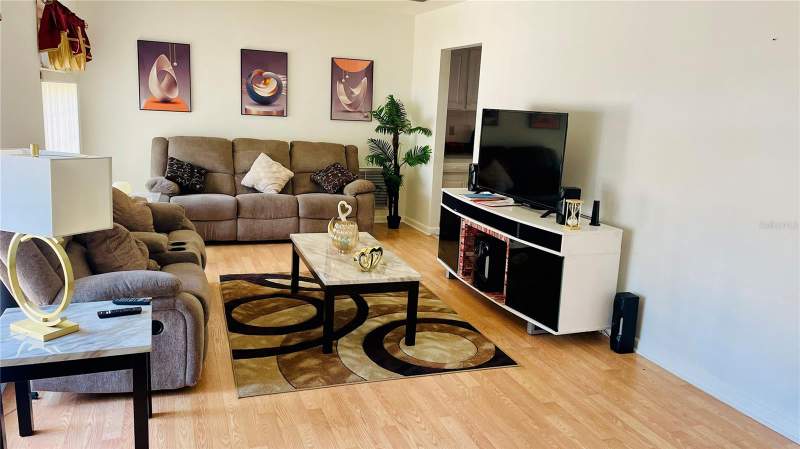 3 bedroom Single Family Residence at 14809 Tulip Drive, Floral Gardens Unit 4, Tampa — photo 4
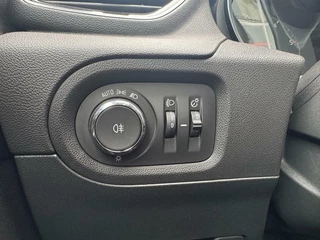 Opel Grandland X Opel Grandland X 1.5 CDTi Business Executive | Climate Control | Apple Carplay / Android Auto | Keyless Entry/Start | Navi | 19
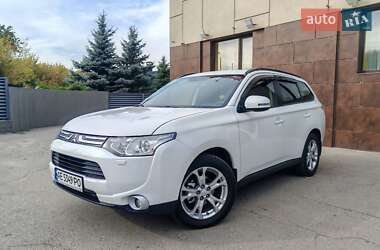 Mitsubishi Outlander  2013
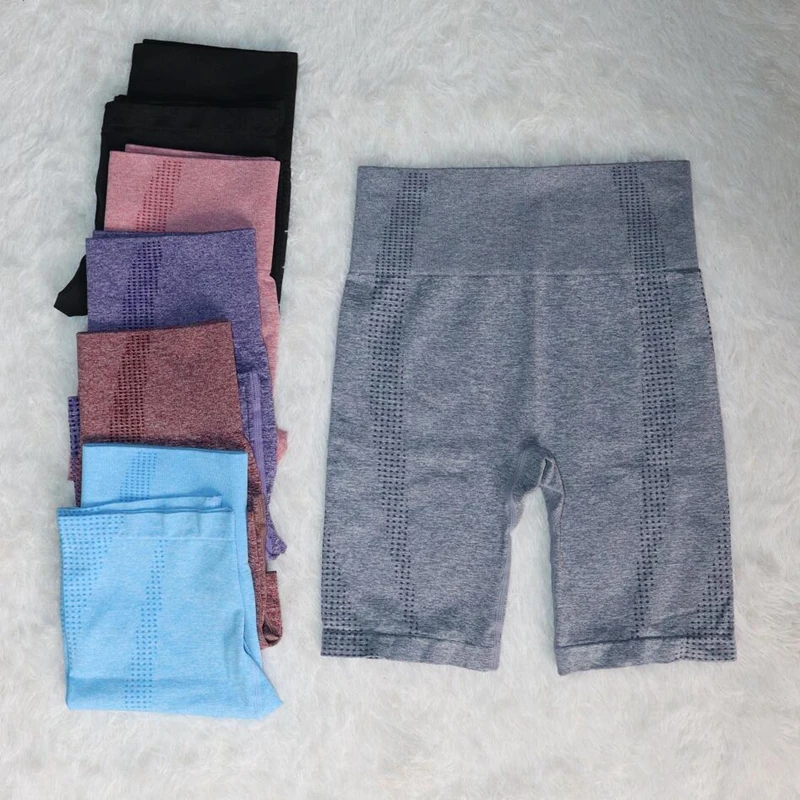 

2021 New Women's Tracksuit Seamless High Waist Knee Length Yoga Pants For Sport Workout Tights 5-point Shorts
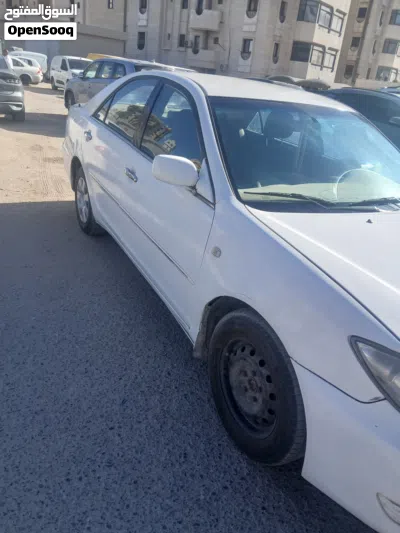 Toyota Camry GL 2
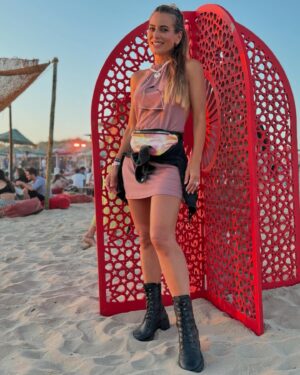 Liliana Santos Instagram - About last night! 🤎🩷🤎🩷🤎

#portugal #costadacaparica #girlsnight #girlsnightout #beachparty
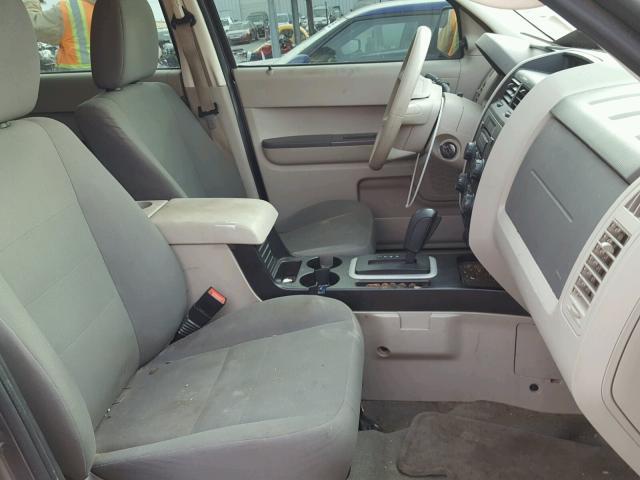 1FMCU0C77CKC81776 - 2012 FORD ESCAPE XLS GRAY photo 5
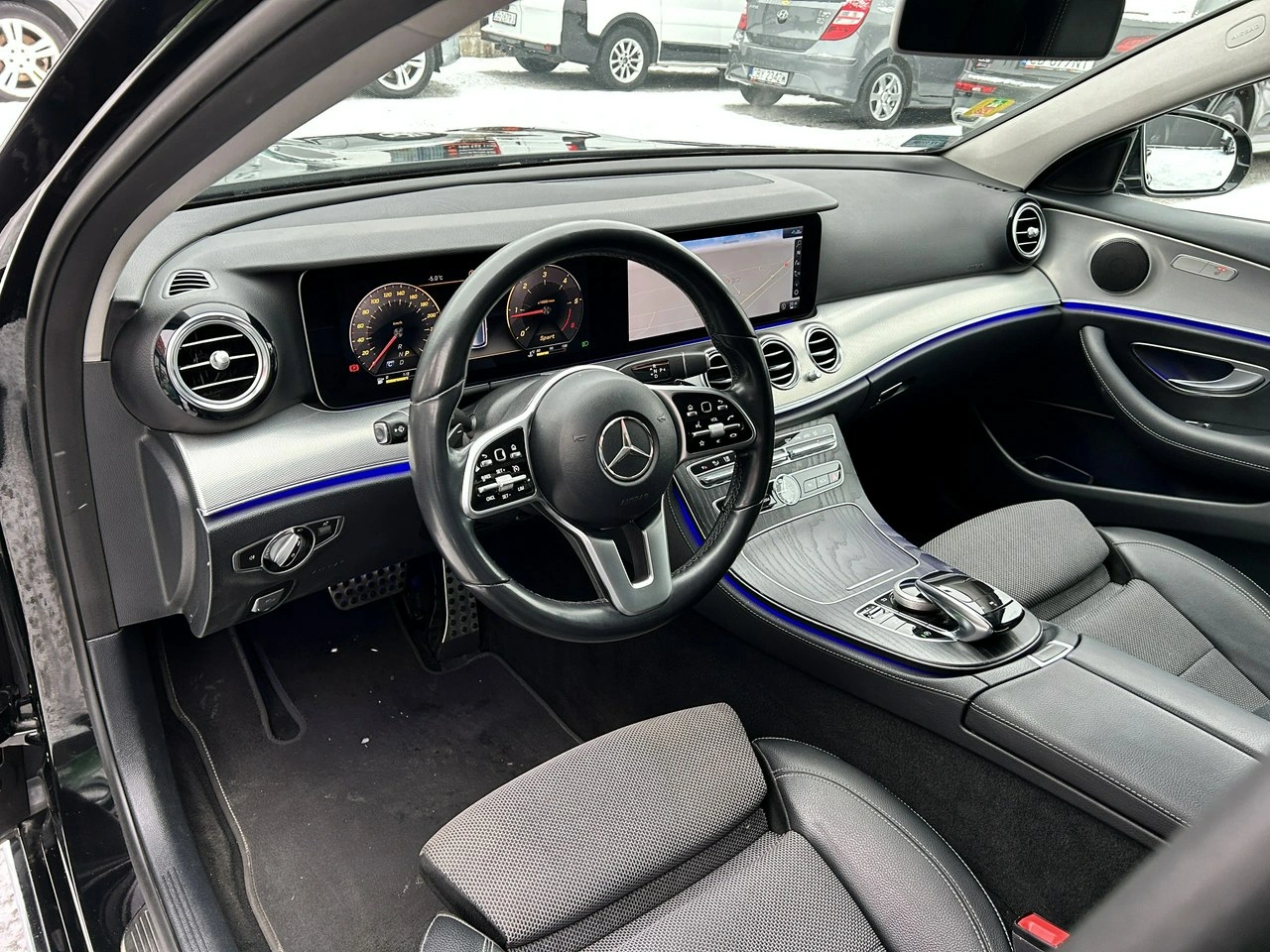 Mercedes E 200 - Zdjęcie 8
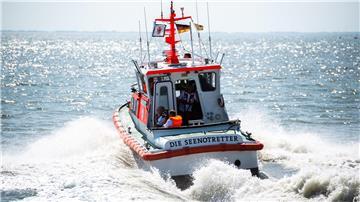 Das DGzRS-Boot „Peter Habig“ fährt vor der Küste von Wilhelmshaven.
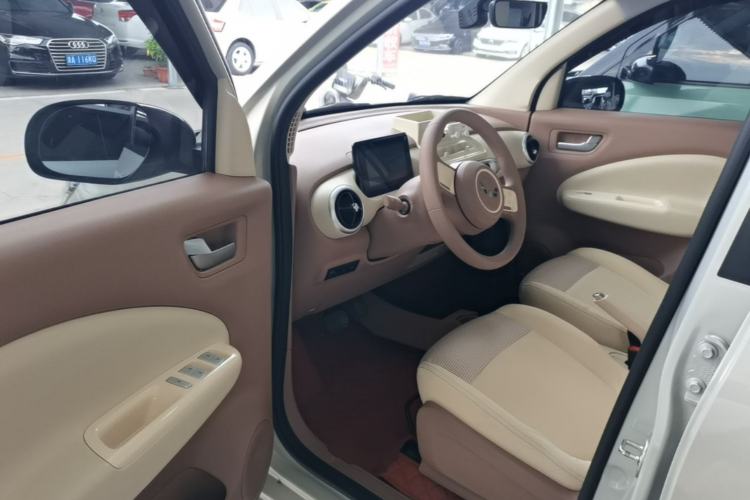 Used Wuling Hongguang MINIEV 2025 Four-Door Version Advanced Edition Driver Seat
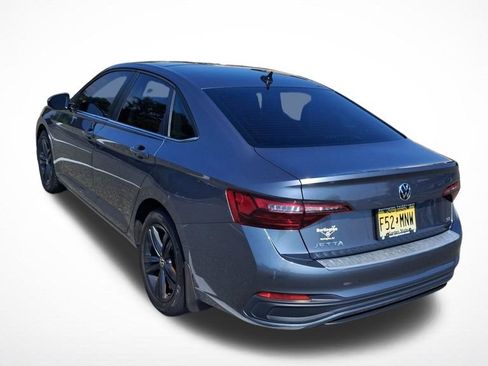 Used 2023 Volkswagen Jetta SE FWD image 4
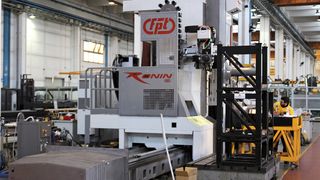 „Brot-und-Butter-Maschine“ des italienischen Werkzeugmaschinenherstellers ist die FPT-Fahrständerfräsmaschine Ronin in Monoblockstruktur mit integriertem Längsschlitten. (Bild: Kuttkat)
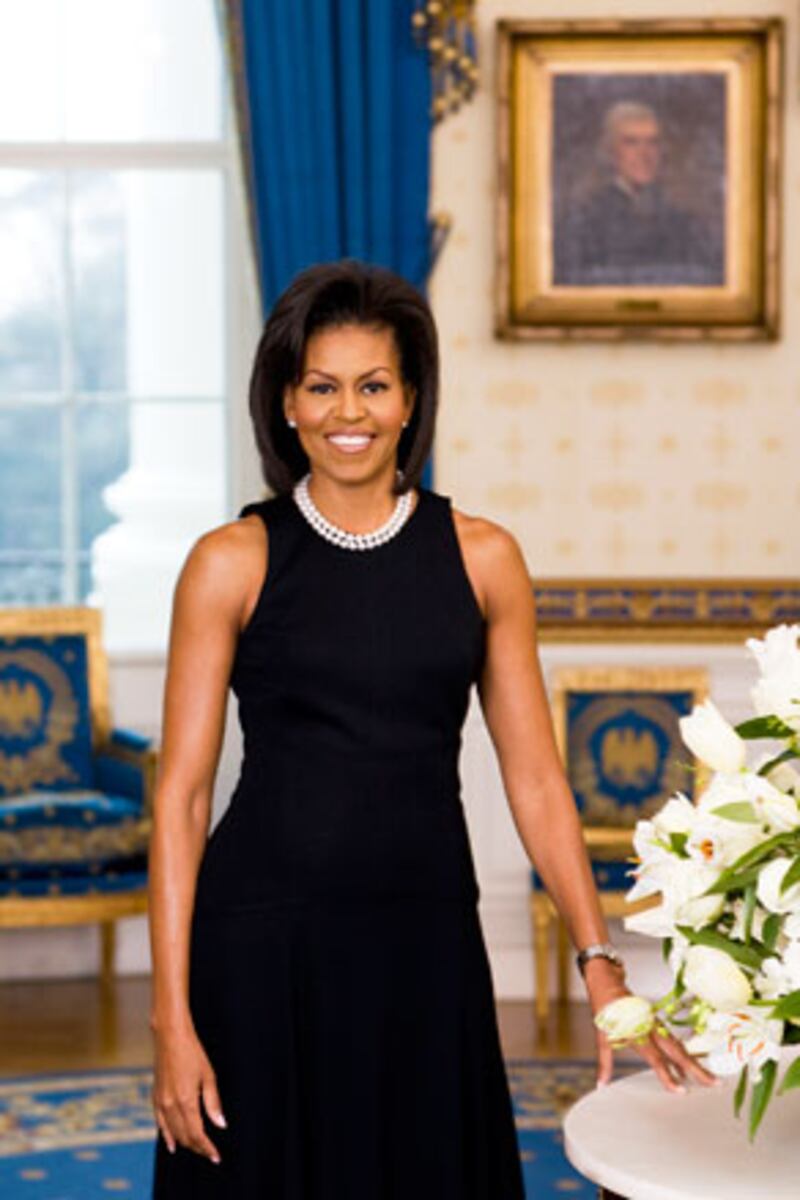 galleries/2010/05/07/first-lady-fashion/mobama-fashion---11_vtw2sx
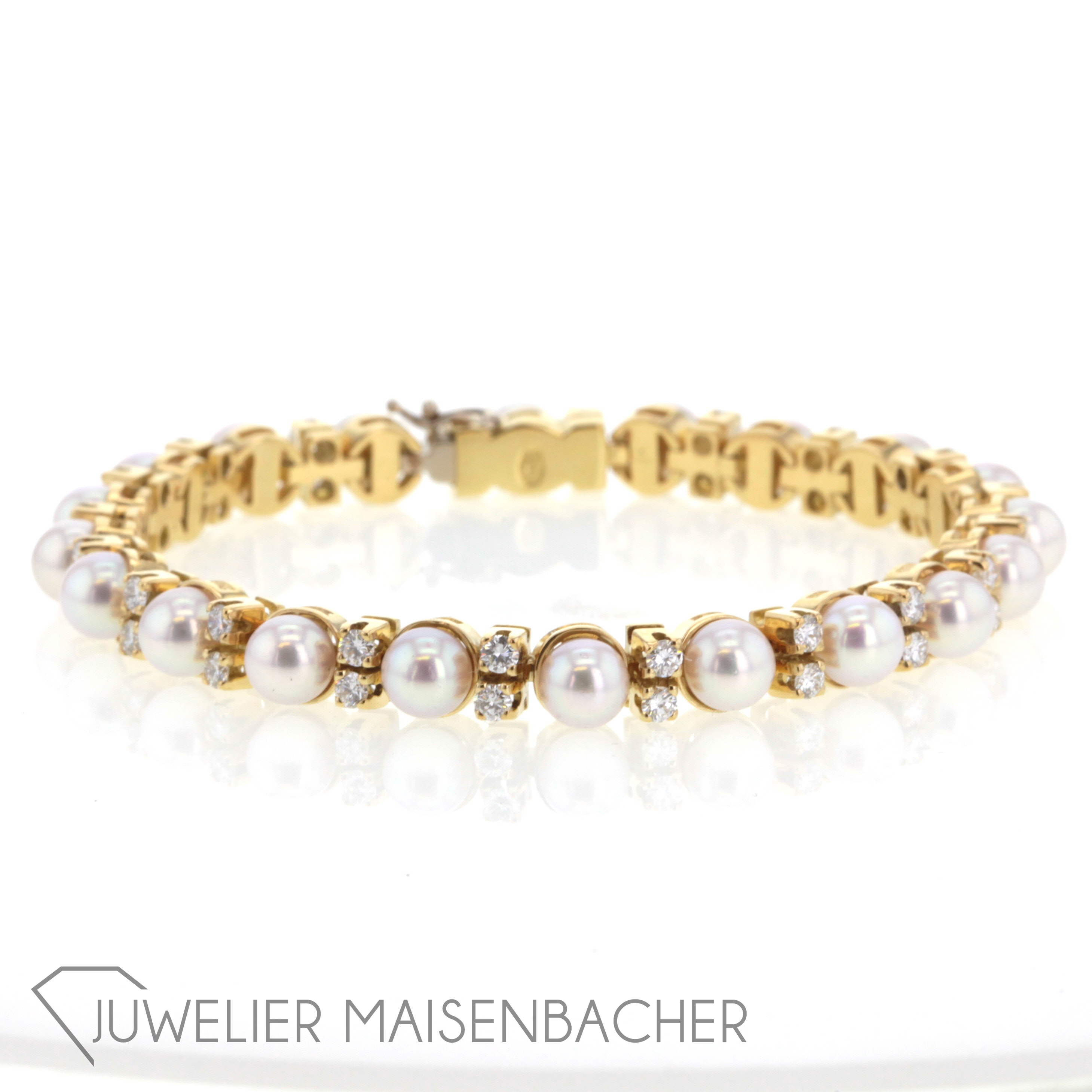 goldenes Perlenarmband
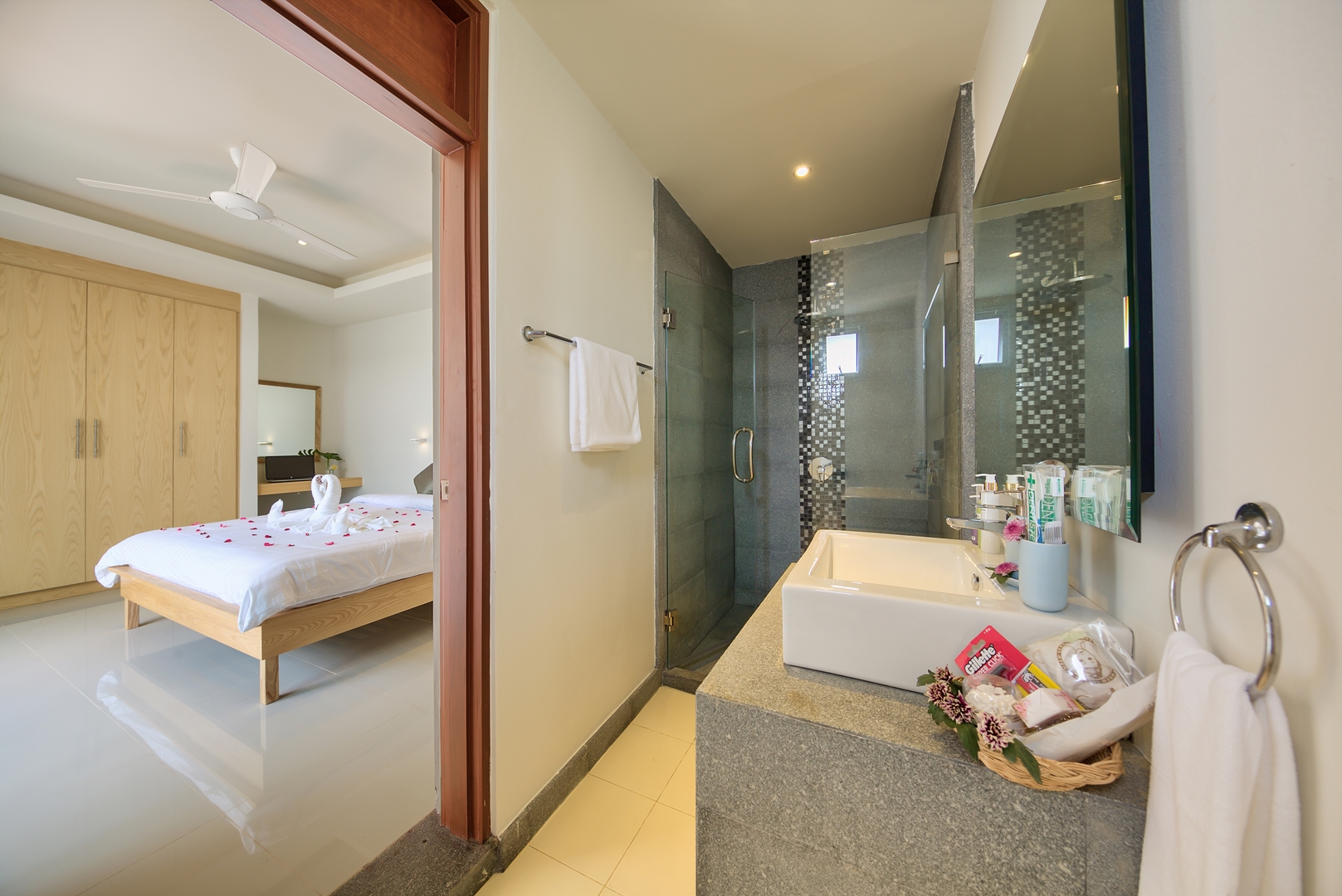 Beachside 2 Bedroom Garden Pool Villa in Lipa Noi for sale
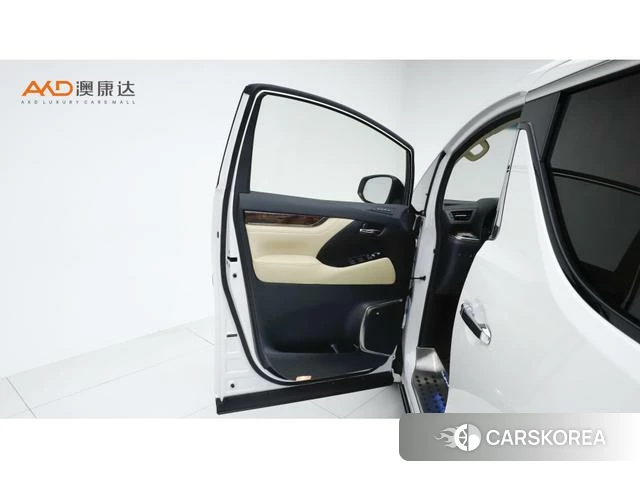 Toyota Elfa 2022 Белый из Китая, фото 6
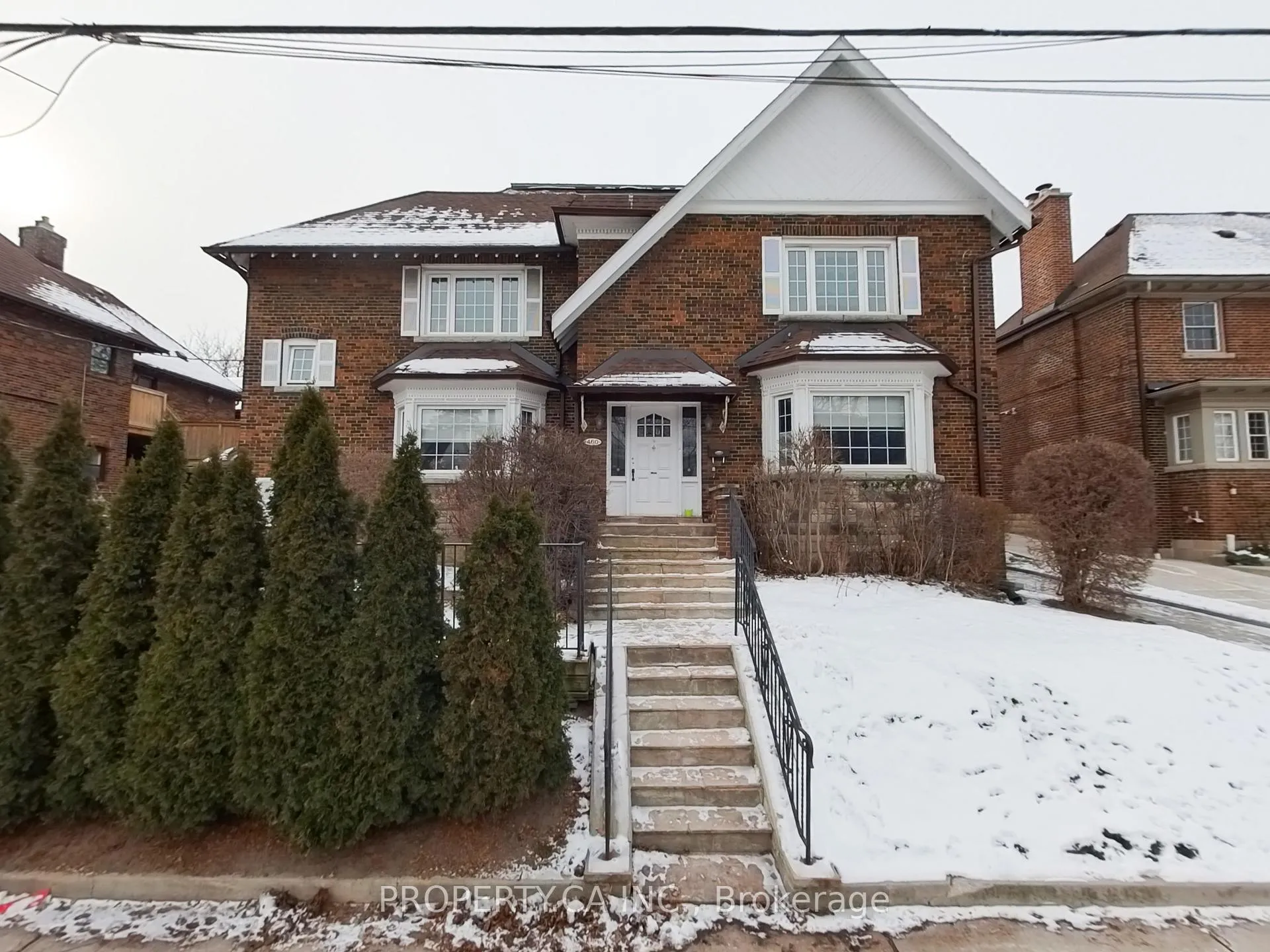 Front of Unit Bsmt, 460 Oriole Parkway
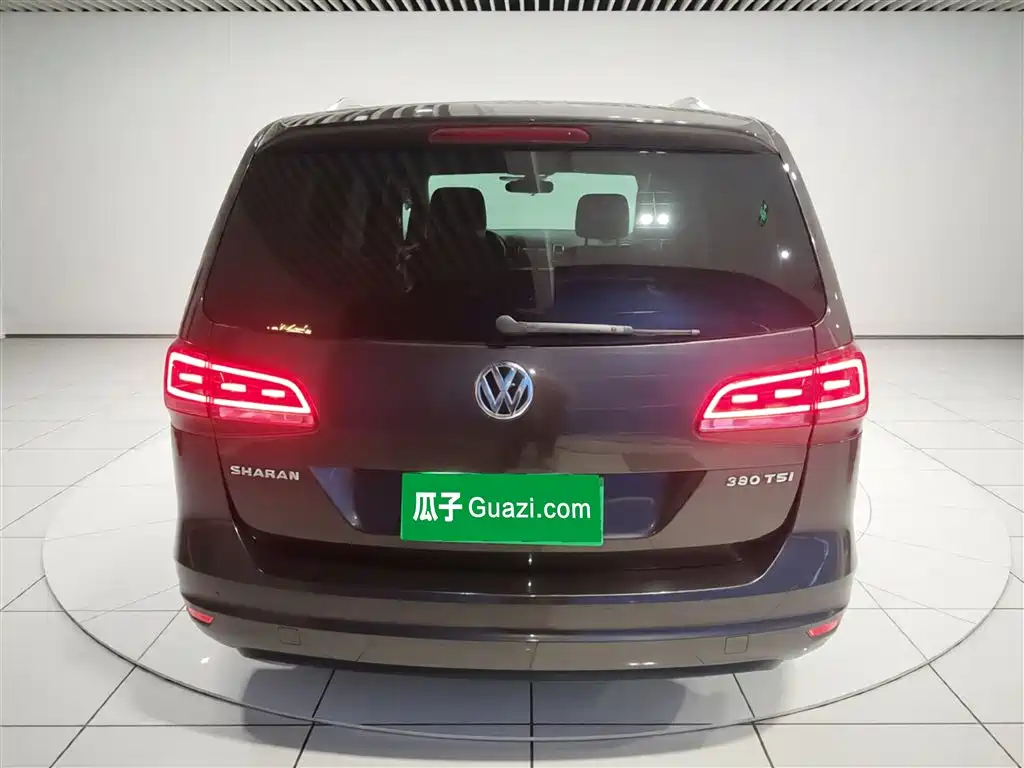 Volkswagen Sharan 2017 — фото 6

> _ACTIVITY_
Your answer must be the full set of entries, set down exactly and without pictures.

> _YOUR SOLUTION_
 3 bedroom Single Family Residence at 14809 Tulip Drive, Floral Gardens Unit 4, Tampa — photo 4
 Opel Grandland X Opel Grandland X 1.5 CDTi Business Executive | Climate Control | Apple Carplay / Android Auto | Keyless Entry/Start | Navi | 19
 Mitsubishi Outlander  2013

2021 New Women's Tracksuit Seamless High Waist Knee Length Yoga Pants For Sport Workout Tights 5-point Shorts
 Toyota Camry GL 2
 Liliana Santos Instagram - About last night! 🤎🩷🤎🩷🤎

#portugal #costadacaparica #girlsnight #girlsnightout #beachparty
 1FMCU0C77CKC81776 - 2012 FORD ESCAPE XLS GRAY photo 5
 Mercedes E 200 - Zdjęcie 8
 Das DGzRS-Boot „Peter Habig“ fährt vor der Küste von Wilhelmshaven.
 Used Wuling Hongguang MINIEV 2025 Four-Door Version Advanced Edition Driver Seat
 Used 2023 Volkswagen Jetta SE FWD image 4
 „Brot-und-Butter-Maschine“ des italienischen Werkzeugmaschinenherstellers ist die FPT-Fahrständerfräsmaschine Ronin in Monoblockstruktur mit integriertem Längsschlitten. (Bild: Kuttkat)
 galleries/2010/05/07/first-lady-fashion/mobama-fashion---11_vtw2sx
 goldenes Perlenarmband
 Beachside 2 Bedroom Garden Pool Villa in Lipa Noi for sale
 Toyota Elfa 2022 Белый из Китая, фото 6
 Front of Unit Bsmt, 460 Oriole Parkway
 Volkswagen Sharan 2017 — фото 6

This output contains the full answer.